Though the Department of Labor currently is revisiting certain aspects of the FLSA, one aspect that remains unchanged is that “enterprise coverage” of a business under the Act attaches where the business has “employees engaged in commerce or in the production of goods for commerce” and has “annual gross volume of sales made or business done [of] not less than $500,000” (despite the fact that this revenue coverage threshold has not been updated for many years). Absent enterprise coverage, an employee must show individual coverage based on his or her own engagement in interstate commerce in order to avail himself/herself of FLSA rights. A Wisconsin federal court recently applied these principles in finding a Wisconsin small business and its employees were not covered by the FLSA. Shoemaker v. Lake Arbutus Pavilion, LLC, 2015 U.S. Dist. LEXIS 84507 (W.D. Wis. June 30, 2015).

In Shoemaker, plaintiffs had been partners with the owners of the corporate defendant but later became employees of the corporate entity operating a roller rink and diner.

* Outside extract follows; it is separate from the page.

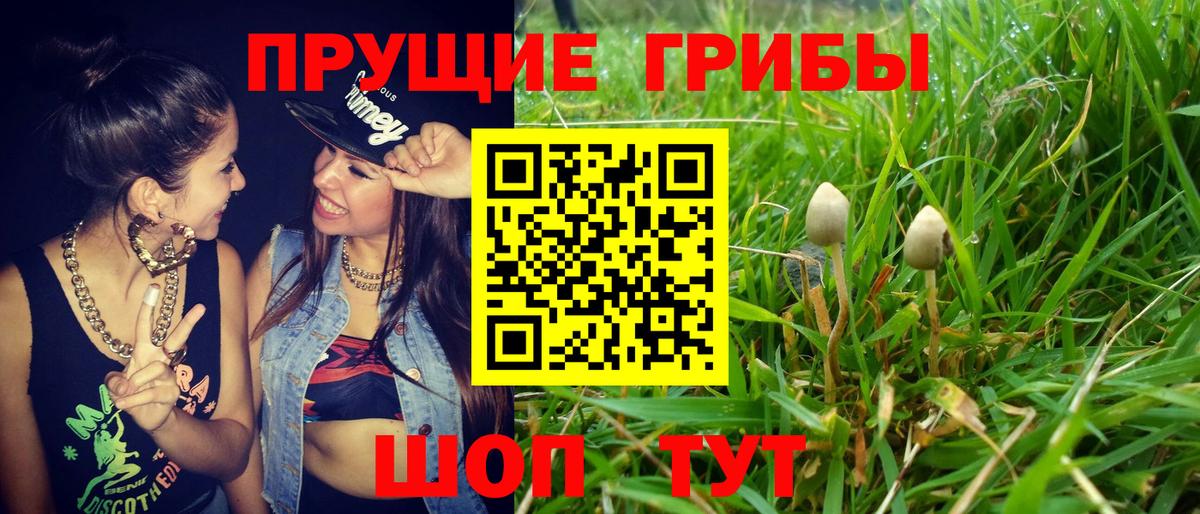 Большой Камень  магазин    Псилоцибиновые грибы Magic Shrooms  Вход с VPN  Галлюциногенные грибы мицелий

When plaintiffs sued for alleged unpaid overtime under the FLSA, defendant asserted competent evidence that it did not have $500,000 in annual gross sales, and asserted that Plaintiffs’ work for their substantially local business did not affect interstate commerce. The Court agreed, finding enterprise coverage absent based on Defendant’s revenue and that, even though Plaintiffs may have served some out-of-state customers or used “instrumentalities of interstate commerce like telephones and the Internet, on the whole they “worked for a local business in an intrastate capacity.” Thus, no individual FLSA coverage attached to their employment.

Small businesses, even those believing themselves under the FLSA’s revenue threshold, must analyze their compliance with the FLSA to avoid an expensive challenge to their practices under the Act. State law coverage thresholds also must be reviewed and analyzed.